Memphis Flyer: by Jackson Baker
There's no fat lady singing yet.
Although voting in the 2010 countywide election ended on August 5th and the Election Commission was scheduled to meet for the purpose of certifying the results August 19th, events of the intervening two weeks have made it clear that the results of the election are far from being universally accepted and may yet be formally challenged.
After a hearing in the courtroom of Chancellor Walter Evans on Monday, in which Chancery Court clerk and master Dewun R. Settle was appointed a de facto referee to resolve continuing disputes, Shelby County Democratic chairman Van Turner was asked his opinion about the then pending certification process on Thursday.

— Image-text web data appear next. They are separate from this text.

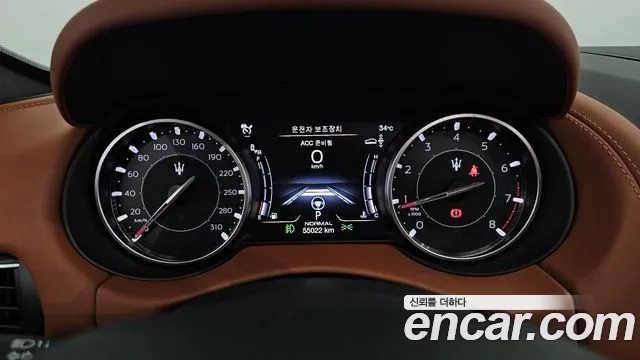 Maserati Levante id 2926496 из Кореи 18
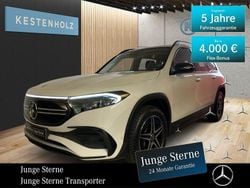 Weiß Gebraucht 2023 Mercedes EQB250 AMG SUV | 36.490 € (Fairer Preis)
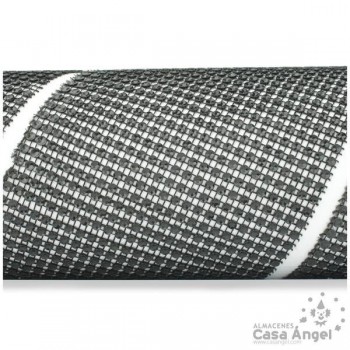 PASAMANERÍA CÍRCULOS STRASS 12cm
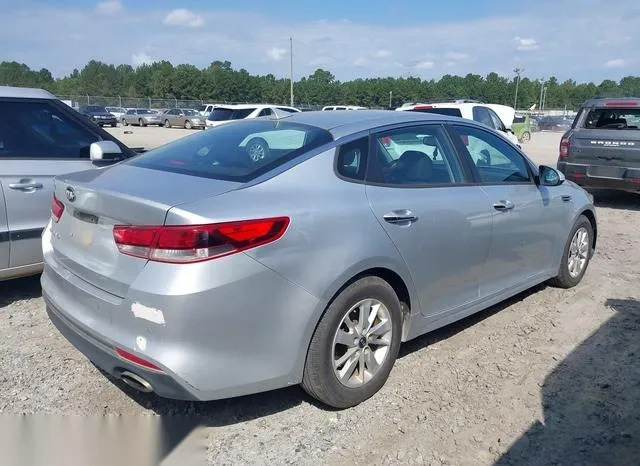 5XXGT4L37HG175374 2017 2017 KIA Optima- LX 4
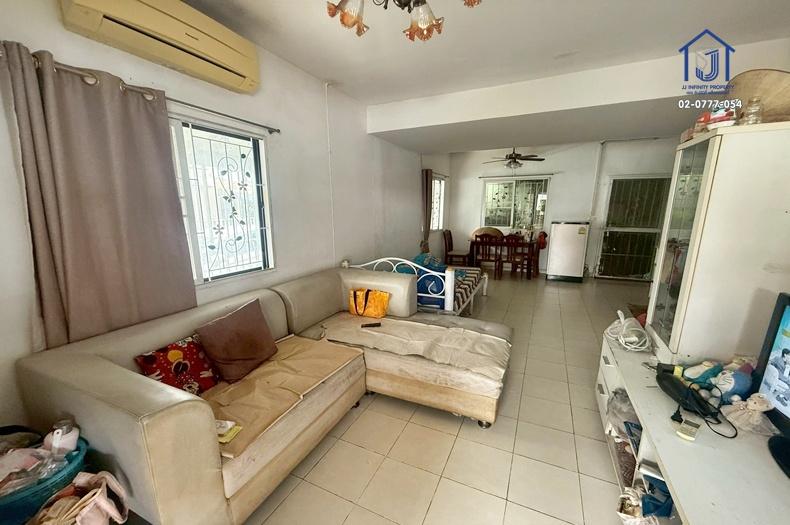 ขายทาวน์โฮม 2ชั้น หมู่บ้านพฤกษา 58/2 ลาดกระบัง-สุวรรณภูมิ หลังมุม ใกล้สนามบินสุวรรณภูมิ 4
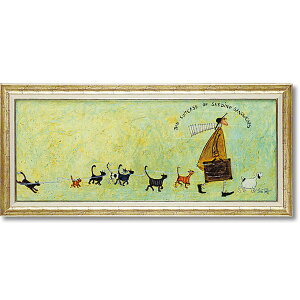 CeA G Tgtg G u 킵Th X[cP[X v 94.5 × 43cm LTCY GelH Sam Toft G CeA Ǌ| G z G |X^[ G C CeA G AeB[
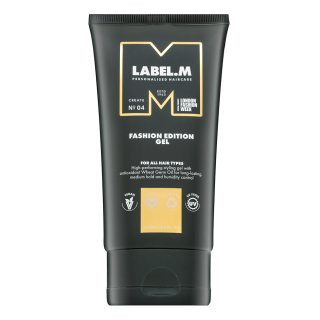 Label.M Fashion Edition Gel gel na vlasy 150 ml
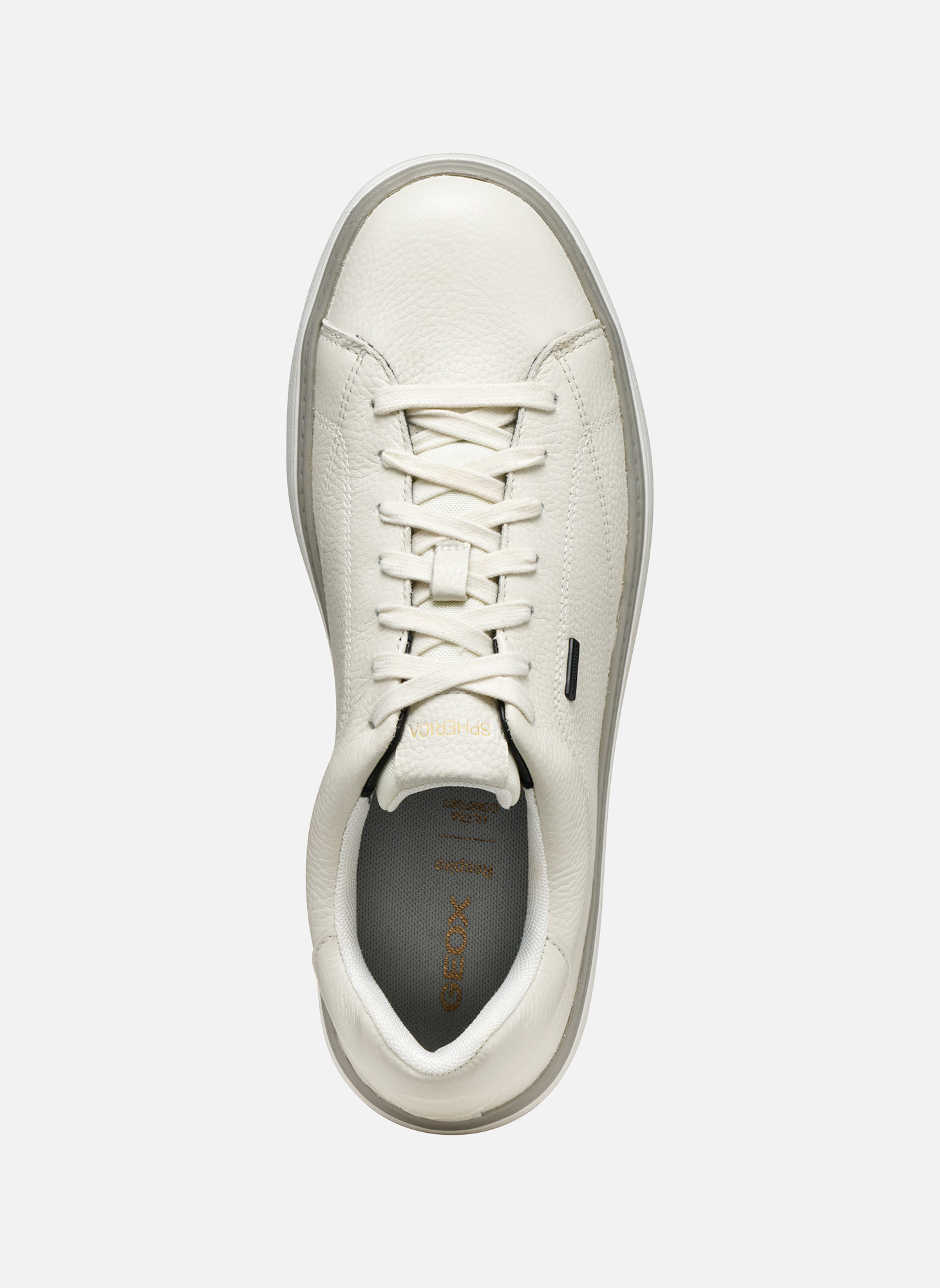 Baskets basses U SPHERICA ECUB-1.1 B ABX homme blanc Geox Baskets basses U SPHERICA ECUB-1.1 B ABX homme blanc Blanc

"We'll make a decision prior to then about a formal request that they not certify, after that they still have five days to contest the election, and none of this prevents us from going to federal court and pursuing any federal actions that we may deem necessary," said Turner, who, wearing his lawyer's hat, represents litigants dissatisfied with either the results or the election process itself, or both.
The two litigants of record are current county trustee Regina Morrison Newman, a Democrat who is about to lose her job when and if the election results are certified and her election opponent, Republican David Lenoir, is sworn in, and Minerva Johnican, the onetime Criminal Court clerk who was out-polled by the GOP's Kevin Key. Both Newman and Johnican trailed their opponents by fewer than 5,300 votes, which Democrats say is the number of potentially inconvenienced voters because of an Election Day voting-machine glitch.
That glitch (reputedly the result of an error by a long-term civil-service employee, though his or her identity has not yet been revealed by Election Commission authorities) came from the fact that early-voting data from a previous election — reportedly the May countywide primaries of this year — was fed into the electronic voter roll for the August 5th election.
As a consequence of that mistake, a significant number of voters were challenged when they arrived to vote on August 5th. The exact number has not been determined, but in a series of protest meetings convened under Democratic auspices, other complaints have been raised by a variety of other alleged irregularities.
At a previous hearing in Chancellor Evans' courtroom, the litigants and representatives of the Election Commission reached voluntary agreement about the need for sharing information about the actual voting results. But disagreements arose when a group representing the litigants, joined by consultants from BlackBoxVoting, an advocacy group, arrived to download election results last Thursday at the Election Commission's Operations Center at Shelby Farms.
Monday's hearing represented an effort to get beyond the stalemate — based in part on what John Ryder, an attorney for the Election Commission, said were proprietary matters involving the Diebold Corporation, makers of the voting machines in use in the county.
Ryder expressed satisfaction in the appointment of Settle to adjudicate disputes and pointed out that a variety of audits are expected — from two local firms and the state election coordinator — and that both the Tennessee Bureau of Investigation and the U.S. Department of Justice have been called in.
Meanwhile, some of the material in dispute has been handed over, though Newman is disturbed that parts of it have been redacted. And of the voters potentially disadvantaged by the Election Day glitch, she said, "Based on our analysis of those numbers, there's a disproportionate number of African Americans and 'others' in that number."
Given that questions were raised about vote counting in the 2006 county election, in which several Democrats were narrowly defeated, questions may linger about the authenticity of this year's outcome, even after all the evidence is sifted.
Speaking to reporters on Monday, Turner hinted that the question of outright fraud was not the central issue, however. "We just want to make sure the process is fair and transparent," he said.